ALLEGIANCE
By Kermit Roosevelt (New York: Simon and Schuster, 2015, 400 pp., $27.95, hardcover)
One of the more unique fictional representations of the wartime incarceration of Japanese Americans, and the legal issues that stemmed from it, is Kermit Roosevelt’s compelling new novel “Allegiance.” Roosevelt, a law professor at the University of Pennsylvania who is himself a onetime Supreme Court clerk, presents these events through the eyes of the young Caswell “Cash” Harrison, a law graduate from a Main line Philadelphia family who successively serves as a clerk for Supreme Court justice Hugo Black, and then as a staff attorney in the U.S. Justice Department. In connection with the court’s actions with regard to the Gordon Hirabayashi and Fred Korematsu cases, involving challenges to mass removal by American citizens of Japanese ancestry, Harrison discovers conspiracies and skullduggery of various sorts: racism, fraud and even murder. In the course of his investigations, he meets J. Edgar Hoover, confers with Justice Felix Frankfurter, visits the Tule Lake Segregation Center and is present at Nisei draft resister trials.
Like the current Broadway musical play of the same name (with which Roosevelt’s novel is not connected), “Allegiance” recounts the history by means of a fictionalized story, though in this case Japanese Americans play only minor roles. This framework has the advantage of personalizing the issues and giving special richness to the debates in the Supreme Court over the Japanese American cases. While as a historian, I am ill-equipped to judge the overall dramatic value of the work, I do appreciate the way in which Roosevelt illuminates historical figures such as Justice Hugo Black and Attorney General Francis Biddle, and the important connection between their private lives and their public positions. He also evokes with skill a past era of life in ruling-class circles and society in wartime Washington.
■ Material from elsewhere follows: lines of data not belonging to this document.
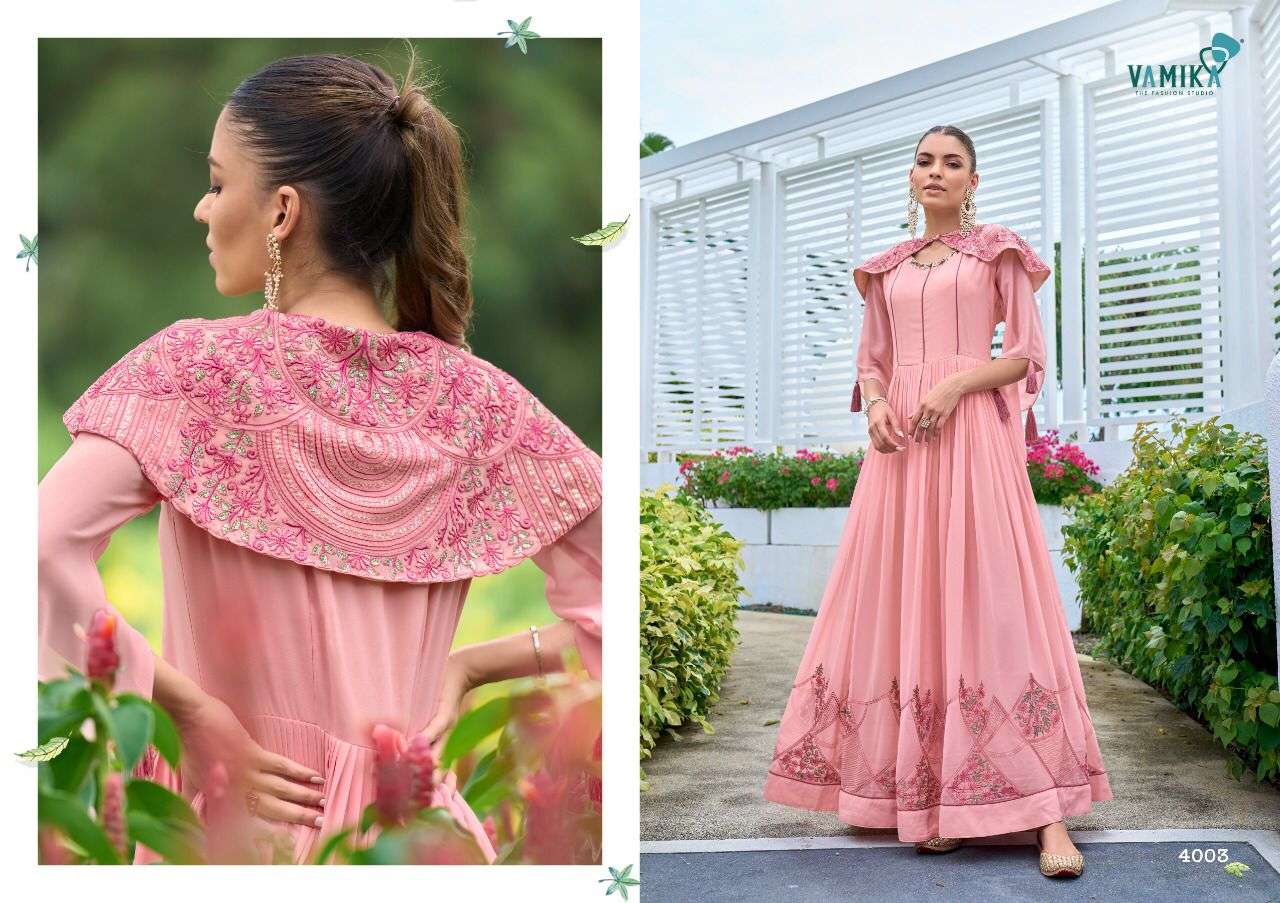 Vamika Sofiyan Catalog Exclusive Super Hit Designer Gown Wholesale
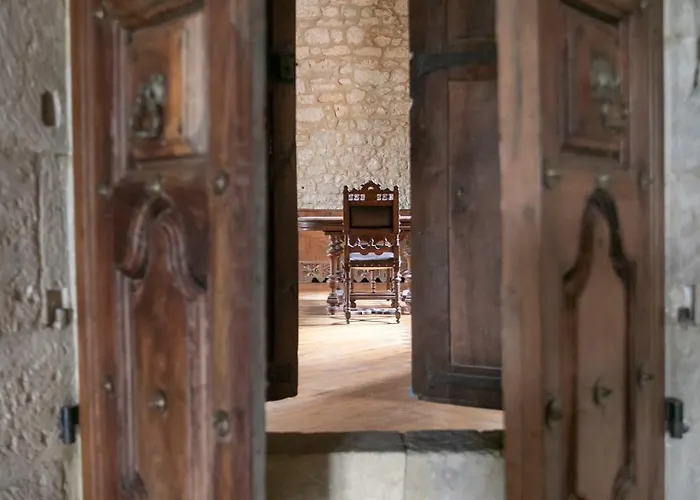 Chateau De Saint Maurice * La Peyrouse du Boucher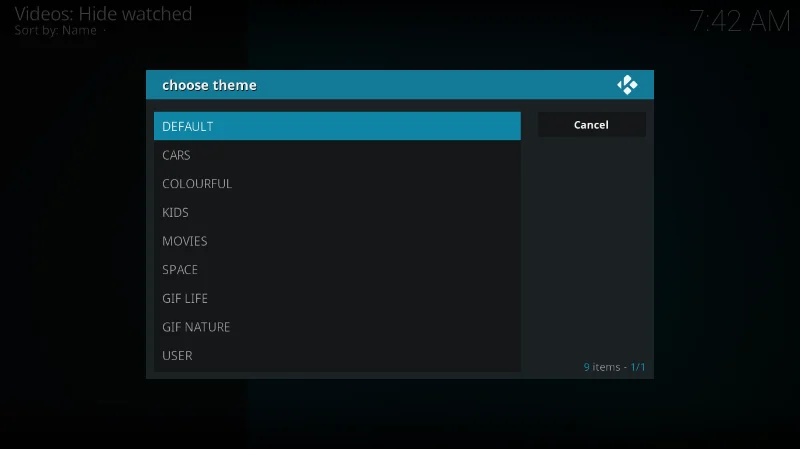 Add-on BoB Unleashed, libera la potenza di Kodi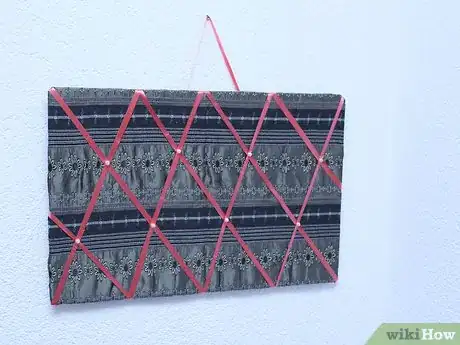 Image titled Make a Memo Board Out of Silk Step 9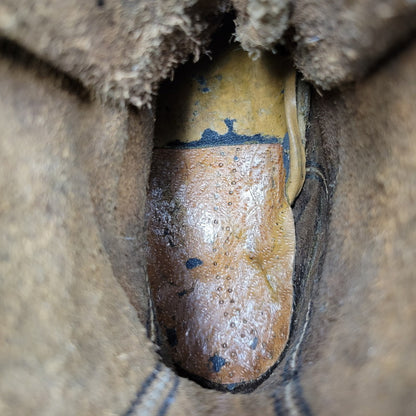 【現状渡し品】【メンズ】 RED WING レッドウィング LACE UP BOOTS レースアップ ブーツ プリント羽タグ USA表記 シューズ 靴 164-251215-as-05-izu サイズ：7D カラー：ブラウン 万代Net店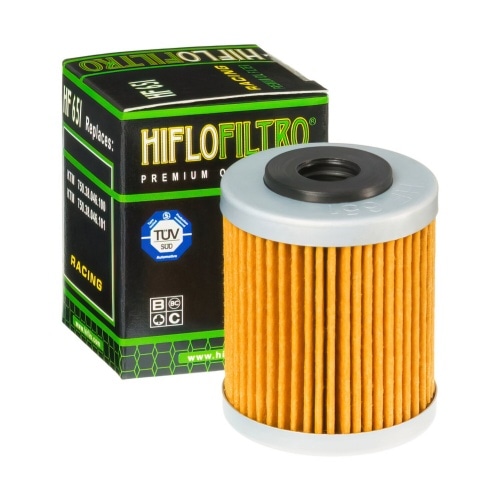 Eļļas filtrs Hiflofiltro HF651 Eļļas filtrs Hiflofiltro HF651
I am bound to note that Roosevelt’s depiction of the Japanese American cases is marred by some minor factual errors, though in areas that are not essential to his fictional purpose. For example, in discussing the lead-up to the court arguments over Gordon Hirabayashi’s challenge to Executive Order 9066, the author unaccountably fails to make any mention of the simultaneous case of Minoru Yasui, in which the lower court judge had actually found a special curfew for American citizens of Japanese ancestry unconstitutional, though he declared Yasui’s own citizenship forfeit. The author also makes a major point of the troublesome results of the loyalty exams and the creation of thousands of “no-nos,” in guiding official attitudes toward Hirabayashi. However, it is not clear that the results of the so-called “loyalty questionnaires” were generally known by the time the briefs in the case were produced in April 1943, and they are nowhere mentioned in the final decision in the case. Similarly, Roosevelt asserts incorrectly that the War Relocation Authority announced the closing of the camps in December 1944, at the time of the Endo decision. While the decision gave the Army political cover to lift exclusion and permit Japanese Americans to return to the West Coast, the eight remaining “Relocation Centers,” plus Tule Lake, remained open for an entire year after the decision. The author also traduces Ernest Kinzo Wakayama, whom he portrays as a dissident at Tule Lake malignly bent on pressing others to renounce their citizenship while retaining his own, and thereby justifying Harrison in pressing him at gunpoint to renounce his citizenship. In actual fact, the story was more complicated. Wakayama and his wife Toki brought a habeas corpus petition against Executive Order 9066 in mid-1942 as American citizens, but by the time the case was set for argument the Wakayamas, weary of their treatment, had applied for repatriation. Still, the errors do not erase the value of the work in dramatizing the resonance of the Japanese Americans for those within government circles.